Titel: Meßkirch: Und jetzt bauen sie es doch
Beitrag von Jeanne de Beaumont am 16.09.11 um 19:06:54
Städtebau mit Ochsen und Muskelkraft: Nur mit mittelalterlichen Techniken soll in Baden-Württemberg eine Ortschaft mit riesigem Kloster entstehen - nach Plänen aus dem 9. Jahrhundert. Die Baustelle soll zur Touristenattraktion werden.

http://www.spiegel.de/reise/aktuell/0,1518,786682,00.html

Titel: Re: Und jetzt bauen sie es doch
Beitrag von Eriol am 19.09.11 um 15:57:12
ach ja, warum nicht. unsere kassen laufen ja alle über. und bevor das schöne geld schimmel ansetzt...

Titel: Re: Und jetzt bauen sie es doch
Beitrag von Ares Hjaldar de Borg am 20.09.11 um 09:10:37
Ich finde das gut. Das zieht Touristen ins Niemandsland.

Titel: Re: Und jetzt bauen sie es doch
Beitrag von Uhtred am 20.09.11 um 10:49:25
Das Projekt in Frankreich hat sich ja auch bewährt und finanziert sich inzwischen selbst. Fänds gut wenn das jetzt öfter nachgeahmt wird...

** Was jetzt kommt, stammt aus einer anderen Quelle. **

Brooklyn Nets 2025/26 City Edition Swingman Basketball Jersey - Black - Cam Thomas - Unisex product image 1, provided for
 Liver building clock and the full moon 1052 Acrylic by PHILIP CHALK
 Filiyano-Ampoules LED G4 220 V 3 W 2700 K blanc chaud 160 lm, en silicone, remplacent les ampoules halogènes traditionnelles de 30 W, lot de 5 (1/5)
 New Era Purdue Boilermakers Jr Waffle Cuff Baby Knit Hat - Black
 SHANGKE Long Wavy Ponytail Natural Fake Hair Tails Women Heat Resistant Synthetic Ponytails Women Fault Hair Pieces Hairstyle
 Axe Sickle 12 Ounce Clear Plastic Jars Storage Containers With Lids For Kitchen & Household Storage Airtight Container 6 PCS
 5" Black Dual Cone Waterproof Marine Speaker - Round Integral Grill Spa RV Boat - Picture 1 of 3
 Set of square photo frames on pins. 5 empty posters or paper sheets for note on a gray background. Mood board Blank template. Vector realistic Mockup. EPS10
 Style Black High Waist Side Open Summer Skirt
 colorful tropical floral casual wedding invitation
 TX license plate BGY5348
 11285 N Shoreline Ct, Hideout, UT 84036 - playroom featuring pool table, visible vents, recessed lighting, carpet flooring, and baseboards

Titel: Re: Und jetzt bauen sie es doch
Beitrag von Eriol am 21.09.11 um 06:50:42
gut find ichs auch. und da ist das geld sicherlich besser aufgehoben als anderswo. und ausgegeben wirds es ja eh, egal wofür und egal ob man überhaupt welches hat...  ::)

mich ärgert nur das generelle geldverschleudern wenn man derart hohe schulden hat.

Titel: Re: Und jetzt bauen sie es doch
Beitrag von Ares Hjaldar de Borg am 19.03.12 um 09:46:25



Zitat:
In Baden-Württemberg wird eine komplette mittelalterliche Klosterstadt gebaut - unter streng historischen Bedingungen: Maschinen und Regenmäntel sind verboten, Kaffee gibt es nicht. Forscher hoffen so auf neue Erkenntnisse über das neunte Jahrhundert.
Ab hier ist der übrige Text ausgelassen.